Aucun des principaux candidats ne sort indemne des huit années de troubles et de querelles. Les plus affaiblis dans leur capacité de représenter la cohésion nationale ne sont pas forcément ceux qu'on croit. A bien réfléchir, ceux qui ont su encaisser les coups sans laisser choir l'étendard national sont encore les plus méritants. Les Ivoiriens ne sont pas appelés aux urnes pour choisir un programme ou pour sanctionner un parti politique mais pour sceller la paix civile. Durant Huit ans, aucun parti n'a dirigé seul la Côte d'Ivoire avec un programme particulier. C'est donc à une cohabitation de huit années, que ce vote doit mettre fin. Huit années ou tous les partis, en entrant au gouvernement, ont travaillé à empêcher le président de diriger le pays selon son plan, selon le programme de son seul parti. C'est d'ailleurs la règle dans toute cohabitation : empêcher le Président de mener librement les actions qu'il veut ! Les anciens Présidents français, François Mitterrand et Jacques Chirac, ne diront pas le contraire. Voilà ce que les Ivoiriens doivent retenir des huit années de ce que tout le monde appelle « le gouvernement de Gbagbo ». Non, Gbagbo n’avait pas de gouvernement personnel formé par son seul parti, donc il n’a pas la responsabilité personnelle des actions de ce gouvernement ! Tous les partis et leurs leaders qui y ont délégué leurs hommes de confiance sont responsables de l’état de la Côte d’Ivoire. Qu'ils sachent que s'ils n'avaient pas mis le ver dans le fruit confié à Laurent Gbagbo, le fruit aurait fait des petits. Les Ivoiriens sont donc victimes d’un gouvernement fourre-tout formé au nom de la tranquillité nationale.

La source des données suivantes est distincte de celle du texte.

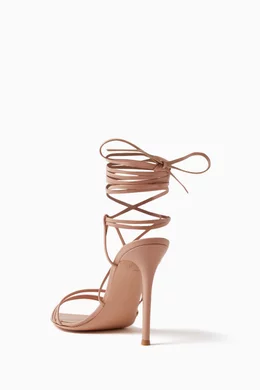 Gianvito rossi lace up new arrivals sandals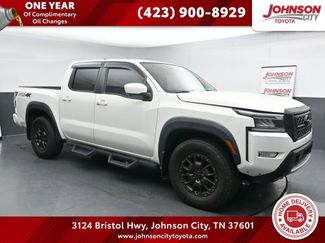 Used 2022 Nissan Frontier PRO-4X w/ Pro-4X Premium Package video 1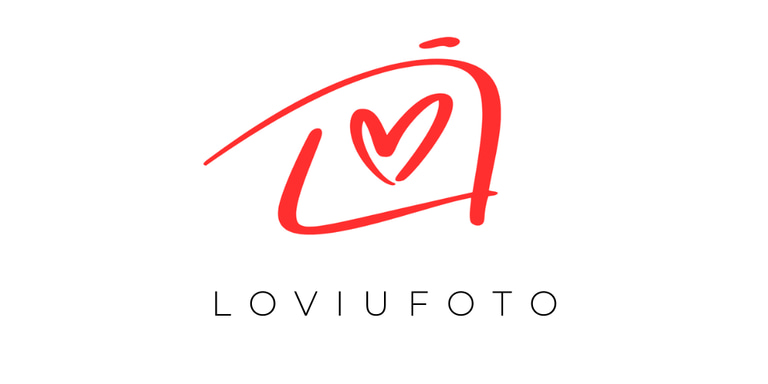 Loviufoto logo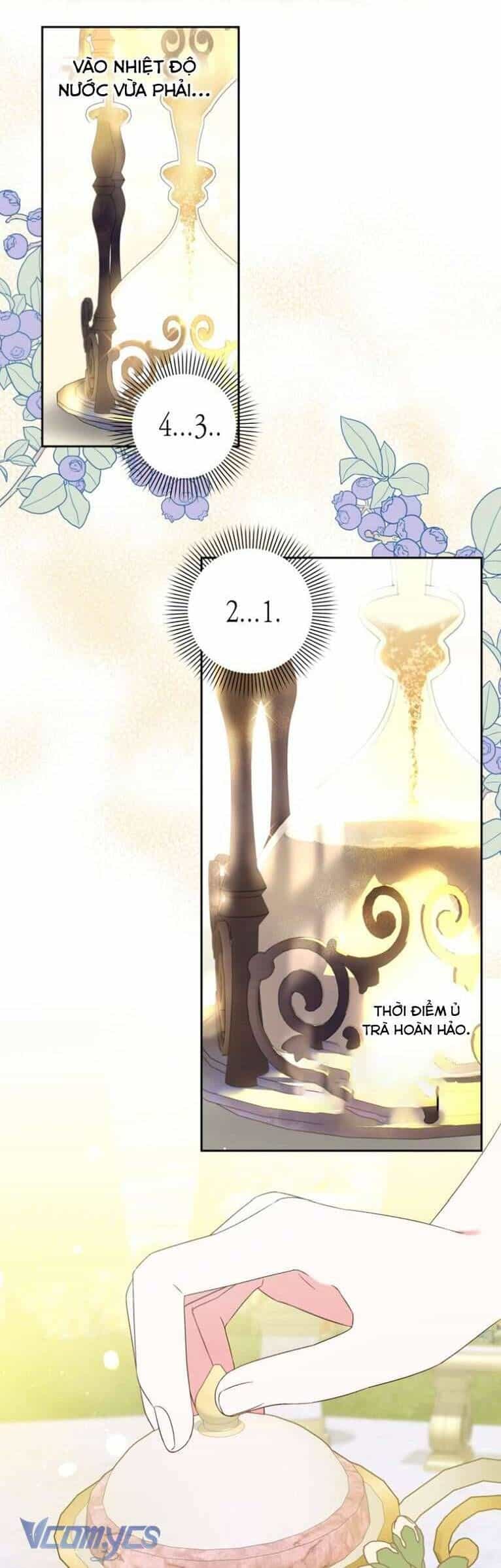 Trở Thành Hầu Gái Còn Hơn Làm Công Chúa - Chương 7 - ảnh 3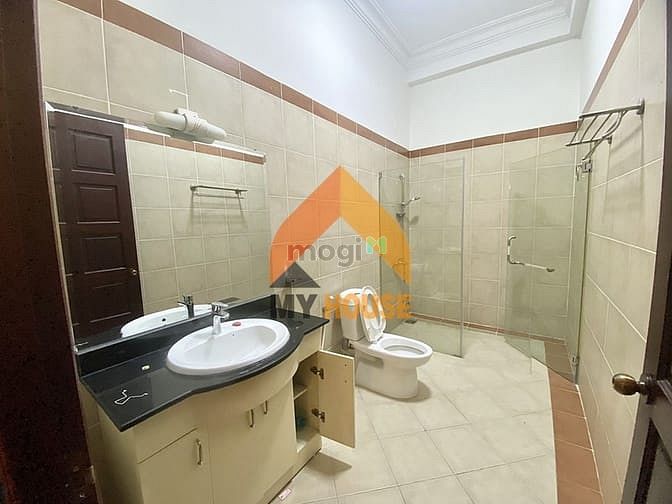 Hình ảnh Biệt Thự Sân Vườn, Hồ Bơi Quận 2 Cho Thuê Dài Hạn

Le voeu qu'il faut formuler pour la Côte d'Ivoire, c'est de retrouver la paix nationale et sortir absolument de cette désastreuse inertie que constitue la cohabitation ! Il faut remettre le pouvoir entre les mains d'un seul parti qui dirigera le pays avec ses alliés. Il faut apprendre à reconnaître la victoire de l’adversaire, entrer dans l’opposition et constituer une alternative en cas d’échec du parti au pouvoir. C'est cela la démocratie qui doit être établie en Côte d'Ivoire. D’autre part, il faut apprendre à compter sur soi-même, sur ses propres moyens, ses propres institutions, ses propres connaissances pour instaurer cette démocratie et la paix. Il est tout à fait honteux, en effet, de voir les hommes politiques africains se comporter comme de grands enfants incapables de rien, toujours prêts à se jeter aux pieds des Européens pour solliciter leur arbitrage, pour se plaindre de ceci et de cela.
Raphaël ADJOBI
Commentaires
Remerciements
Raphael, j'ai lu votre commentaire sur mon blogue. Merci pour cet encouragement. Je dois vous dire que je suis admiratif devant votre blogue, devant l'immense travail de culture que vous abattez. Pour répondre à votre question, il a été décidé que chaque bureau de vote observe les 10 heures prévues, quelle que soit l'heure de démarrage. A+
Croisons les doigts !
@ Salut Guillaume,
Espérons que la sagesse triomphera.
@ Merci, Liss. Merci pour cette petite pensée. Je suis physiquement loin des soucis quotidiens des Ivoiriens vivant dans leur pays, mais leur rêve de paix reste aussi le mien. Ce rendez-vous avec l'histoire - comme tu dis - me tient donc à coeur.
@ Merci Charlie !
Continue à nous informer sur l'évolution des choses.Mieux que ça!
Mon cher St-Ralph,
Je crois que, bien avant l'organisation des élections dans de telles conditions (qui relèvent quasiment de la magie), le 1e des miracles ivoiriens, depuis que le pays est coupé en deux, avec deux armées, deux administrations, c'est de savoir que les traitements des fonctionnaires ont toujours été payés. La RCA, dans les années 80 n'a pas eu besoin de guerre pour connaître des arriérés de 3 mois, de 6 mois voire plus, au cours desquels les fonctionnaires ne touchaient rien du tout. Un aîné me raconta ceci en 1999: "Durant cette période, nous les fonctionnaires congolais on se demandait comment on pouvait vivre des mois sans salaires!" A partir de 1991, avant même de connaître les guerres qui suivront, les fonctionnaires congolais ont commencé à découvrir des mois sans traitements. De l'autre côté du fleuve, ils avaient déjà l'habitude. Oui, le miracle ivoirien existe, et il existe sous plus d'une forme...
@+, O.G.
Bravo, Raphaël ! Belle analyse !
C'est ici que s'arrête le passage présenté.